### Assigned task:
The listing below should be reproduced exactly, with the pictures omitted.

### Data shown:

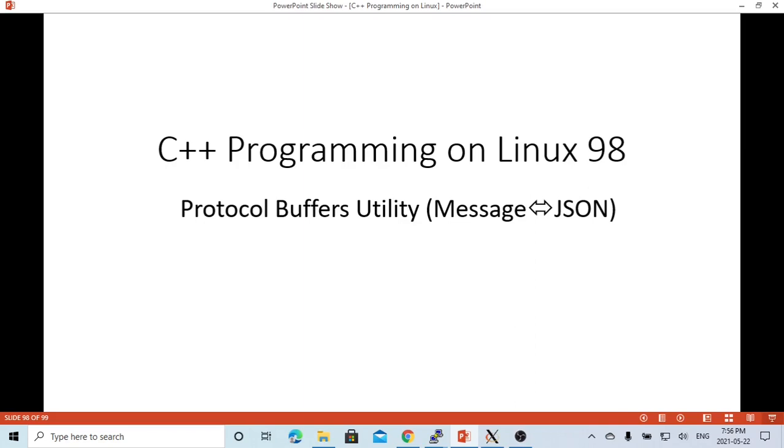Hello, this is Hui. Welcome to watch my video C++ programming on Linux. In this short video, we are going to discuss protocol buffers utility.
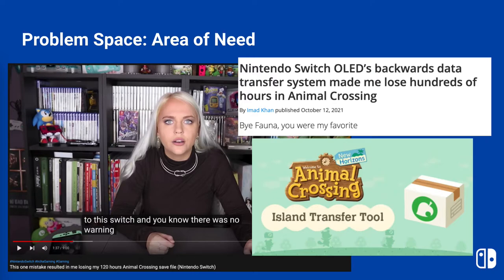Another tool called the island transfer tool must be first downloaded from the Nintendo eShop and then used to transfer Animal Crossing data. Many users have reported losing hundreds of hours of saved data due to this lack of communication.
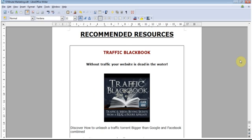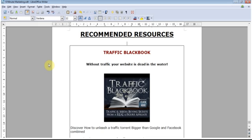And it really is that simple. That's the easy way to convert your ebook to a PDF format, and then it's ready for uploading onto your website for when your visitors opt into your list and they can download it in that format. So that's it for this video and I will see you in the next.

### Solution to this exercise:
Hello, this is Hui. Welcome to watch my video C++ programming on Linux. In this short video, we are going to discuss protocol buffers utility.
Another tool called the island transfer tool must be first downloaded from the Nintendo eShop and then used to transfer Animal Crossing data. Many users have reported losing hundreds of hours of saved data due to this lack of communication.
And it really is that simple. That's the easy way to convert your ebook to a PDF format, and then it's ready for uploading onto your website for when your visitors opt into your list and they can download it in that format. So that's it for this video and I will see you in the next.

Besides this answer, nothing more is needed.